11. Interviewer’s Lens
| Signal | Junior | Mid | Senior | Staff+ |
|---|---|---|---|---|
| Sort key | Start | After test | End cold | + counterexample for start |
| Exchange | None | None | After hint | + cold proof |
| Touching ends | Off-by-one | After test | Cold | + cites closed-interval semantics |
| Family | None | None | LC 435 | + Meeting Rooms II + interval graph |
12. Level Delta
- Mid (L4): Sorts by start, fails; corrects after test; counts correctly.
- Senior (L5): Sorts by end cold; correct on touching ends; cites family.
- Staff (L6): + exchange-argument proof + max-disjoint equivalence + Meeting Rooms II generalization.
- Principal (L7+): + recognizes this as interval graph clique cover (NP-hard in general, polynomial for intervals via this exact greedy); + cites Helly’s theorem on the line (mutual pairwise overlap ⟹ common point).
13. Follow-up Q&A
Q1: Return the actual arrow positions, not just count.
A1: Track them during the sweep — push current end to a list when we commit a new arrow.
Q2: What if intervals are open (exclusive endpoints)?
A2: Change start > arrow to start >= arrow. Touching intervals no longer share an arrow.
Q3: 2D — disks instead of intervals, vertical arrows?
A3: Project to x-intervals (disk i covers [cx-r, cx+r] for any vertical arrow at the projected y); same greedy in x. For general 2D point cover, NP-hard.

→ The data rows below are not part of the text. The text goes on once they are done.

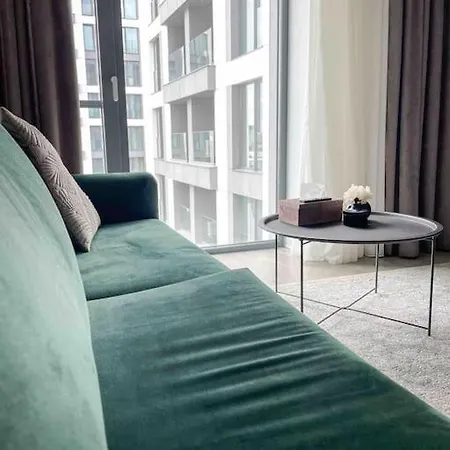 Glamorous 1br W/free Parking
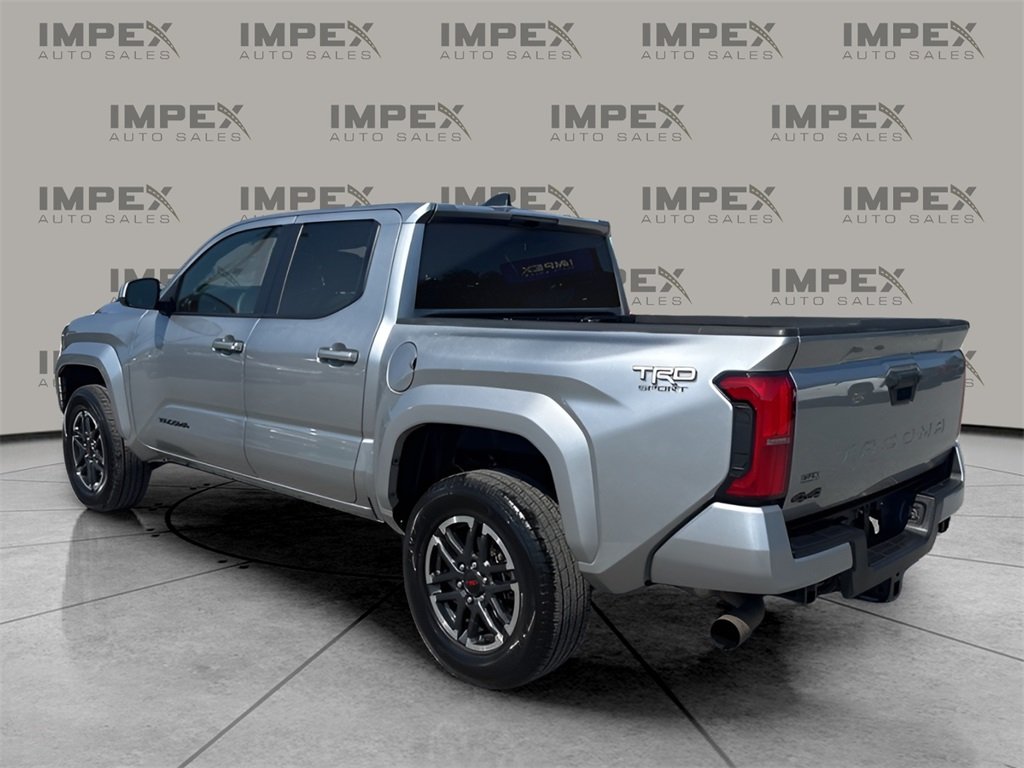 2025 Toyota Tacoma TRD Sport photo 3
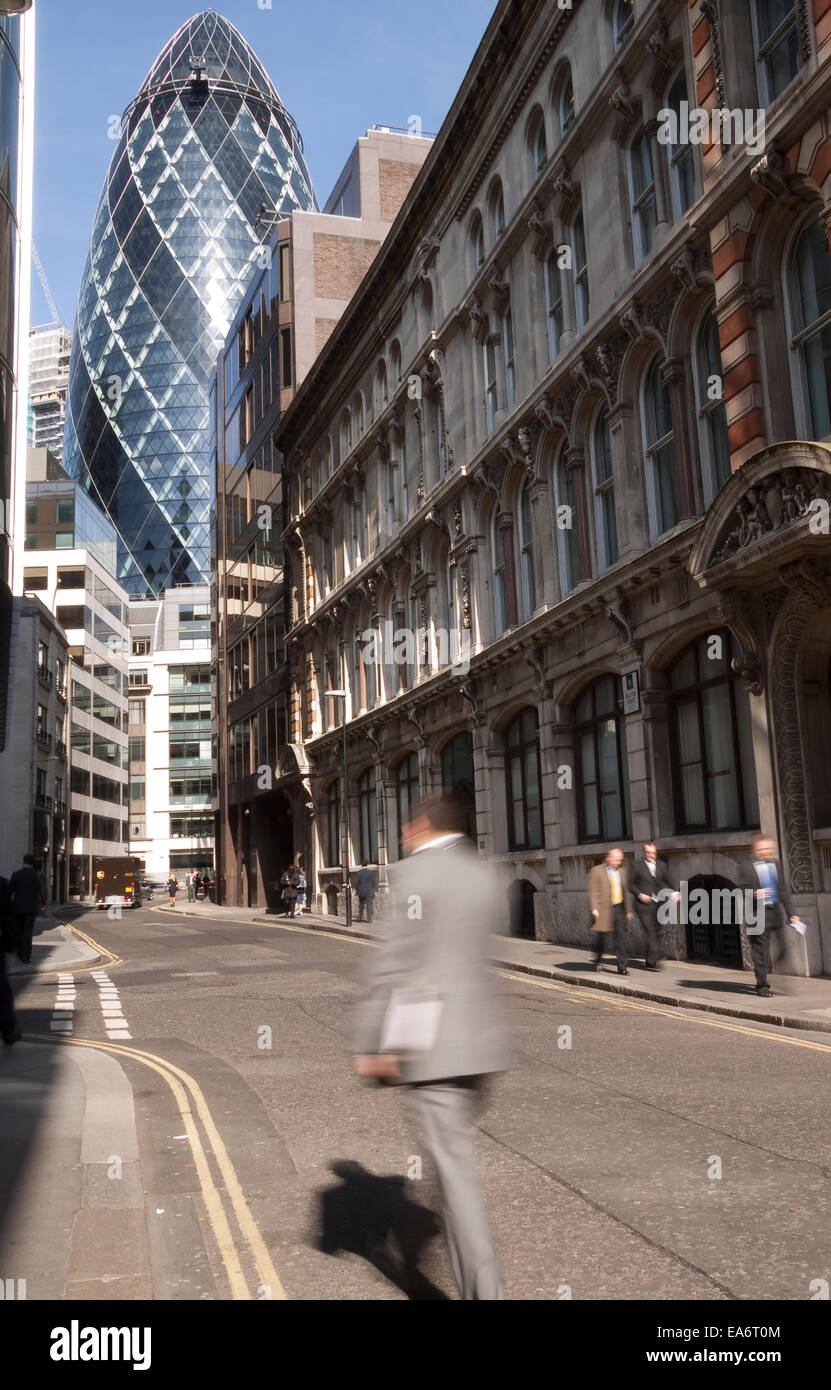 Imprenditori a piedi su Billiter Street nel quartiere finanziario della City di Londra EC3 Foto Stock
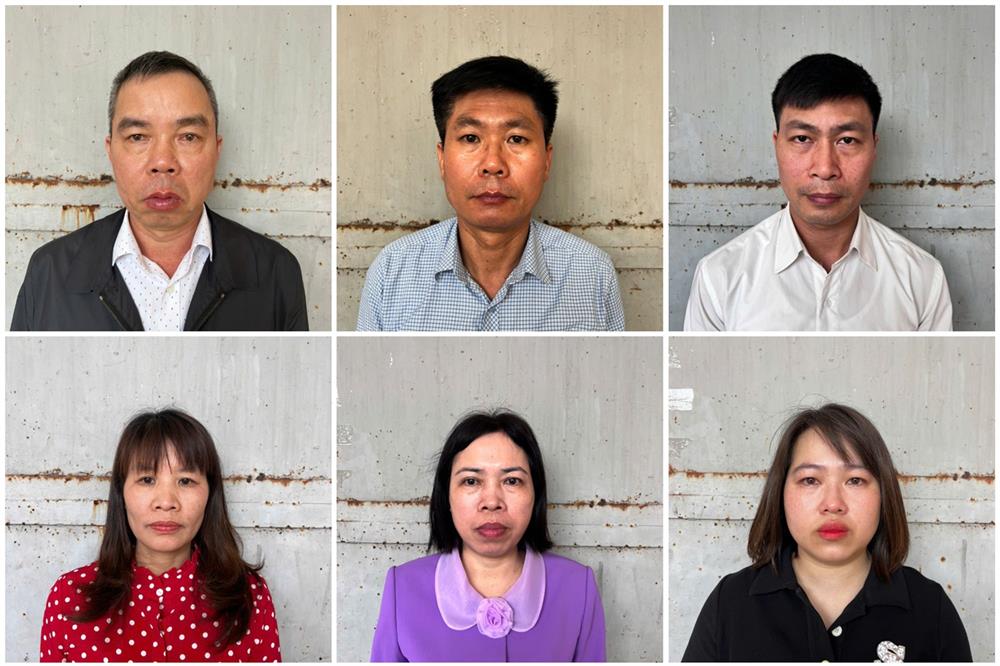 Các đối tượng (từ trái qua phải) Vũ Chí Toàn, Hoàng Văn Hưng, Nguyễn Văn Dũng, Nguyễn Thị Thu, Nguyễn Thị Thúy và Nguyễn Hải Hà tại Cơ quan Công an.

Q4: Weighted balloons — each requires an arrow with cost = weight? A4: Min-cost set cover; NP-hard in general. For intervals, LP relaxation is integral; solvable by DP.
Q5: Streaming — balloons arrive online? A5: Lower bound: 2-approximation by stabbing immediately at the right end of the first unstabbed interval seen.
14. Solution Walkthrough
See solution.py:
find_min_arrow_shots— sort by end + sweep; O(n log n).find_min_arrow_shots_brute— try all subsets of endpoints as candidate arrow sets; oracle.
15. Beyond the Problem
Principal code review: “Burst Balloons is the canonical interval-clique-cover problem solved by an exchange argument. The interesting structural fact: on the real line, interval graphs are perfect — chromatic number equals clique number, max clique can be found in O(n log n) by sweep, and clique cover (this problem) equals max independent set on the complement (max disjoint intervals). This is not true in general graphs (clique cover is NP-hard). The Staff+ insight: when a problem reduces to a graph optimization, ask ‘is the graph in a structured class — interval, chordal, planar, bipartite?’ If yes, problems that are NP-hard in general become polynomial. The exchange argument here is the constructive witness of intervals’ perfection. The follow-up: the same problem on a circle (circular-arc graphs) is already harder — chromatic number is NP-hard in general, though the clique-cover version remains polynomial. Topology matters.”